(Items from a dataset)
━━━━━━━━━━
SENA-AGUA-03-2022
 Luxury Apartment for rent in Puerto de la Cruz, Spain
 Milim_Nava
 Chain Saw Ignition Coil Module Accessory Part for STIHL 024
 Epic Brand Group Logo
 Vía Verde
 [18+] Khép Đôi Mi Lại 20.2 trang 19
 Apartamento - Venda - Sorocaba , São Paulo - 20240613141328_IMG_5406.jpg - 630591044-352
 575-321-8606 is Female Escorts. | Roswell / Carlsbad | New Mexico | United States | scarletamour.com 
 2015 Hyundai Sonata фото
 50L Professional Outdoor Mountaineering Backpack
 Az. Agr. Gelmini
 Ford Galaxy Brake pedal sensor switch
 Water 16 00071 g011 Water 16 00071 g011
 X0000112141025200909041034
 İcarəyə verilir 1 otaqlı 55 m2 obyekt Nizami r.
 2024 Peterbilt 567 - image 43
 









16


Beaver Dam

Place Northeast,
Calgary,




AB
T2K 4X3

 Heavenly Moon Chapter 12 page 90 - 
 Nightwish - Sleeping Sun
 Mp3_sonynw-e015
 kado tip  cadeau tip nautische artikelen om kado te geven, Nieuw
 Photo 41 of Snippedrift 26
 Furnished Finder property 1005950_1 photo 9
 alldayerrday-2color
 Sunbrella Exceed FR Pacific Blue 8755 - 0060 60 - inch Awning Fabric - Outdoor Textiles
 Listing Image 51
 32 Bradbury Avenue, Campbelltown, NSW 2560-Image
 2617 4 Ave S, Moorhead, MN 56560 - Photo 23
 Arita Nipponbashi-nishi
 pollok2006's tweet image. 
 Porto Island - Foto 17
━━━━━━━━━━
**Task statement:**
The line containing "Mp3_sonynw-e015" and all lines after it, through the end of the entries above, are to be returned exactly and alone.

**Solution to the problem:**
 Mp3_sonynw-e015
 kado tip  cadeau tip nautische artikelen om kado te geven, Nieuw
 Photo 41 of Snippedrift 26
 Furnished Finder property 1005950_1 photo 9
 alldayerrday-2color
 Sunbrella Exceed FR Pacific Blue 8755 - 0060 60 - inch Awning Fabric - Outdoor Textiles
 Listing Image 51
 32 Bradbury Avenue, Campbelltown, NSW 2560-Image
 2617 4 Ave S, Moorhead, MN 56560 - Photo 23
 Arita Nipponbashi-nishi
 pollok2006's tweet image. 
 Porto Island - Foto 17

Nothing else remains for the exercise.